Rising debt at state firms among biggest challenges facing China’s economy
March 29, 2016 Category Finance, Weekly
Mounting debt and slow reform at state-owned enterprises (SOEs) are the biggest challenges to China’s economic outlook. “The biggest risk is the huge buildup of credit relative to GDP, though it is not an across-the-board problem,” Nicholas Lardy, Senior Fellow at the Peterson Institute for International Economics, told the South China Morning Post on the sidelines of the Boao Forum. “The buildup of credit is primarily in state-owned enterprises,” he said. “If you look at private companies in the industrial sector, their leverage ratio is actually going down.
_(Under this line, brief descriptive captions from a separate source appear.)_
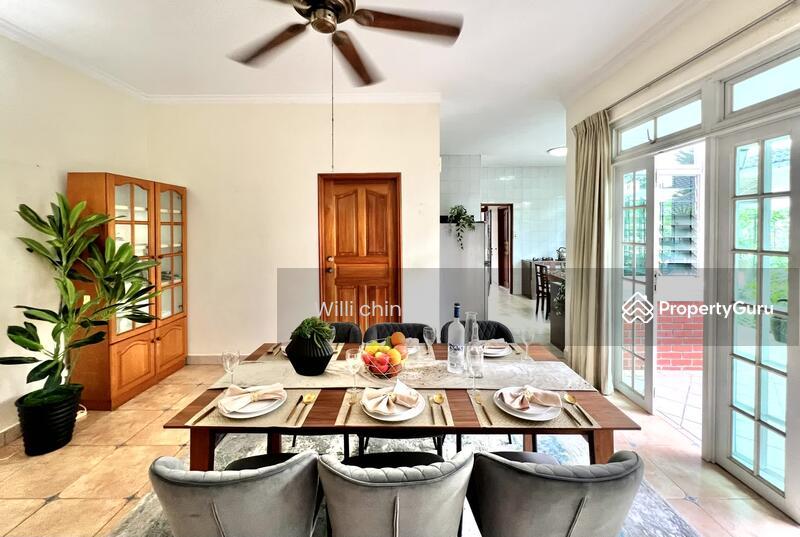 Semi-Detached for Sale: D15, 438986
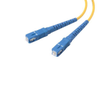 Fiber Optic Cables - 5073-SFOBISC-01-ND - DigiKey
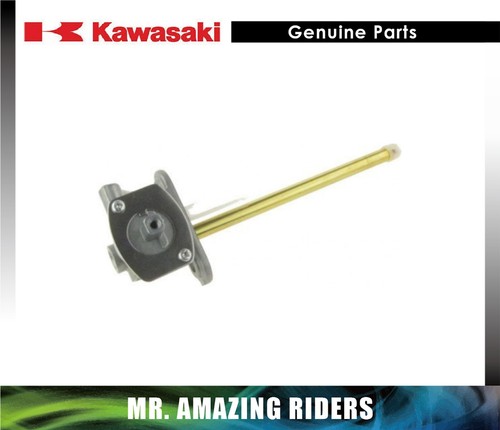 Kawasaki nuovo originale - kawasaki,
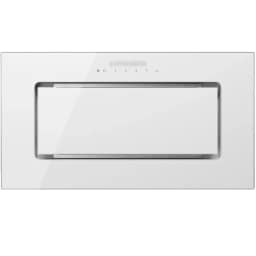 Встраиваемая вытяжка Kuppersberg BIM 600, White — фото 3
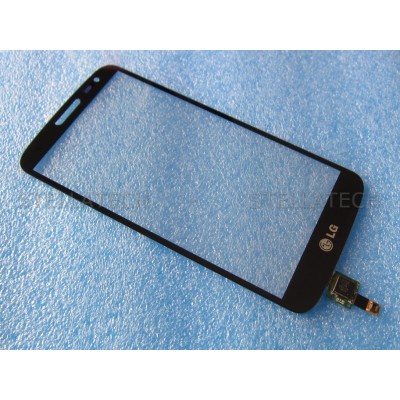LG D620 G2 Mini تاچ گوشی موبایل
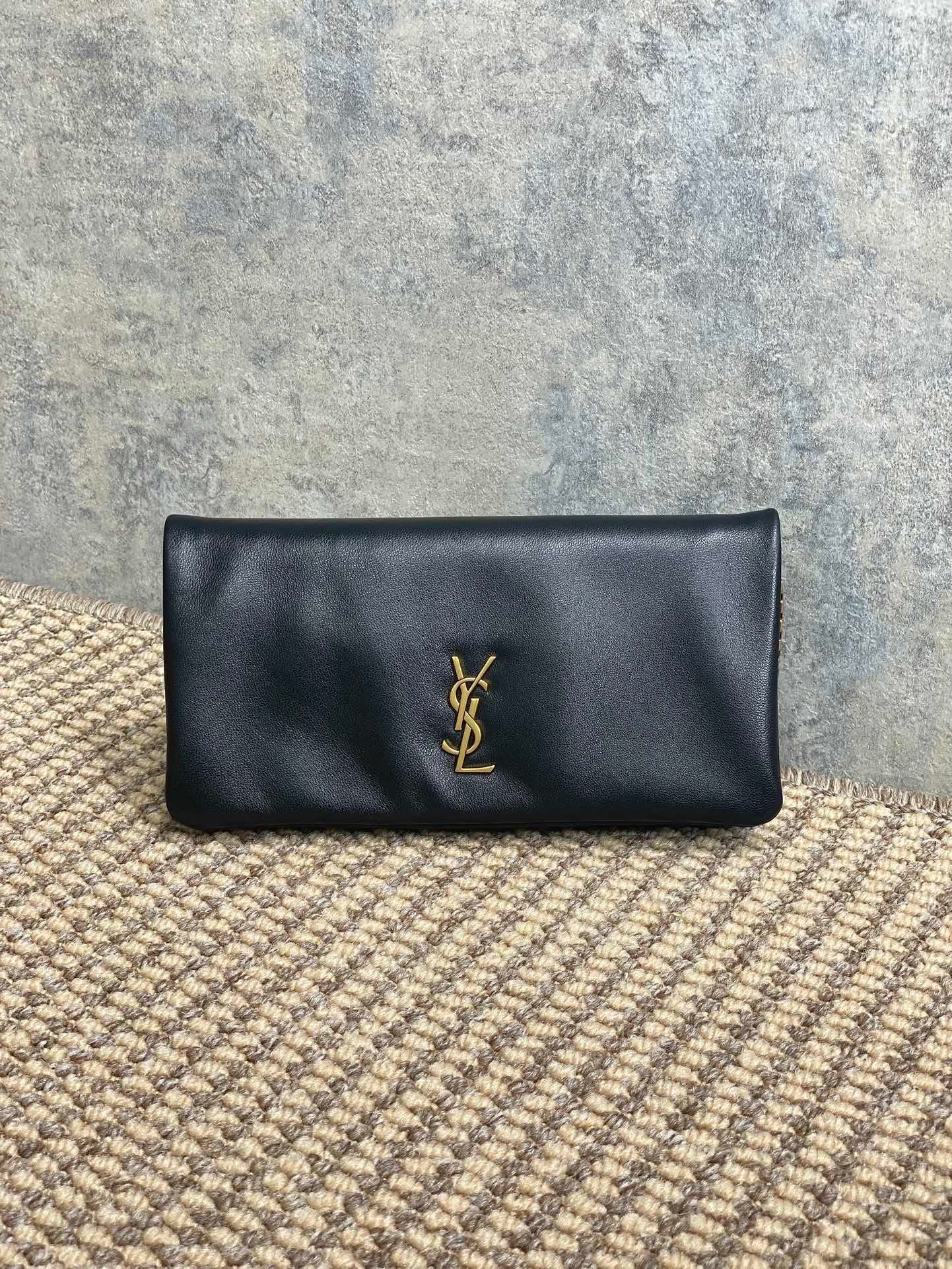 Ezyycart Bags - Premium Luxury Goods and Accessories - AFFORDABLE LUXURY BAGS - 5918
The leverage ratio for state firms is skyrocketing. Some of them are not borrowing money to cover investment, but to cover their operating costs.” That is one of the concerns economists noted in the wake of the lending spree in January when new bank credit hit an all-time high of CNY2.51 trillion. “I don’t think there would be a danger of a medium-term banking crisis, but if the debts just keep piling up, eventually, there will be a banking crisis. You cannot slow down the debt if there are no big efforts to deal with state-owned companies,” Lardy said. Li Yang, former Deputy Director of the Chinese Academy of Social Sciences (CASS), said at the forum that a new financial oversight regime may be finalized in months. It is widely expected that the three watchdogs for securities, banks, and insurance will be merged to guard against regulatory loopholes.